We could be having a similar conversation about the metre. It's no longer defined in terms of a standard length of platinum in Paris but in terms of how far light will travel in a particular timed. Time is such a reliable quantity to measure - your digital watch is pretty good and you can get timing accuracy to many orders of magnitude better than that. You could cry 'circular argument' again and get the same reply here.

Afaik, they are still trying to get a better way of defining the kilogram than a standard lump of platinum in France. One approach is based on collecting a large (known) number of atoms of one isotope of an element and calling that the kilo but there's a problem with getting the reference mass pure enough.
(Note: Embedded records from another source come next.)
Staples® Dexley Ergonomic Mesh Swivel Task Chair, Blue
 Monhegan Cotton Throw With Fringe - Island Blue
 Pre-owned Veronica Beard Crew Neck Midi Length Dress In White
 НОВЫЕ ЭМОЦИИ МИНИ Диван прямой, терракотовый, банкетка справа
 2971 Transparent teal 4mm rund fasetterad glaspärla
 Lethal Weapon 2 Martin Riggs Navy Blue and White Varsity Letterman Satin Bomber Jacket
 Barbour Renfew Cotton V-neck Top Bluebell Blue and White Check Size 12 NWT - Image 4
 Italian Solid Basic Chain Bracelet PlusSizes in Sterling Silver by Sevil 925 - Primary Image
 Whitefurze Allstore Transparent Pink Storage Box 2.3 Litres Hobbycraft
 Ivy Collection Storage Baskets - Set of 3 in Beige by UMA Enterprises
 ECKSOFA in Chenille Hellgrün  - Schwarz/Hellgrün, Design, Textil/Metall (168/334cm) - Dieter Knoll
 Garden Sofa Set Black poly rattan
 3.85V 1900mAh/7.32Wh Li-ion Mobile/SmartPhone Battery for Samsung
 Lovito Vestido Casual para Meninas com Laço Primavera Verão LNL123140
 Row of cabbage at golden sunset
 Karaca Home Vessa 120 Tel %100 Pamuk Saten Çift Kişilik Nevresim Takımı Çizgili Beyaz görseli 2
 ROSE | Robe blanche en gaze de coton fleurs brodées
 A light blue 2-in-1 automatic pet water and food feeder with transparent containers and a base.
You need a substantial number of atoms to give better accuracy than the platinum kgs. When I last heard about it they were still working on it.
 
  • #18
sophiecentaur said:
Afaik, they are still trying to get a better way of defining the kilogram than a standard lump of platinum in France.
Actually, they redefined the kilogram in 2019. Now it is defined in terms of Planck's constant, just like the meter is defined in terms of the speed of light.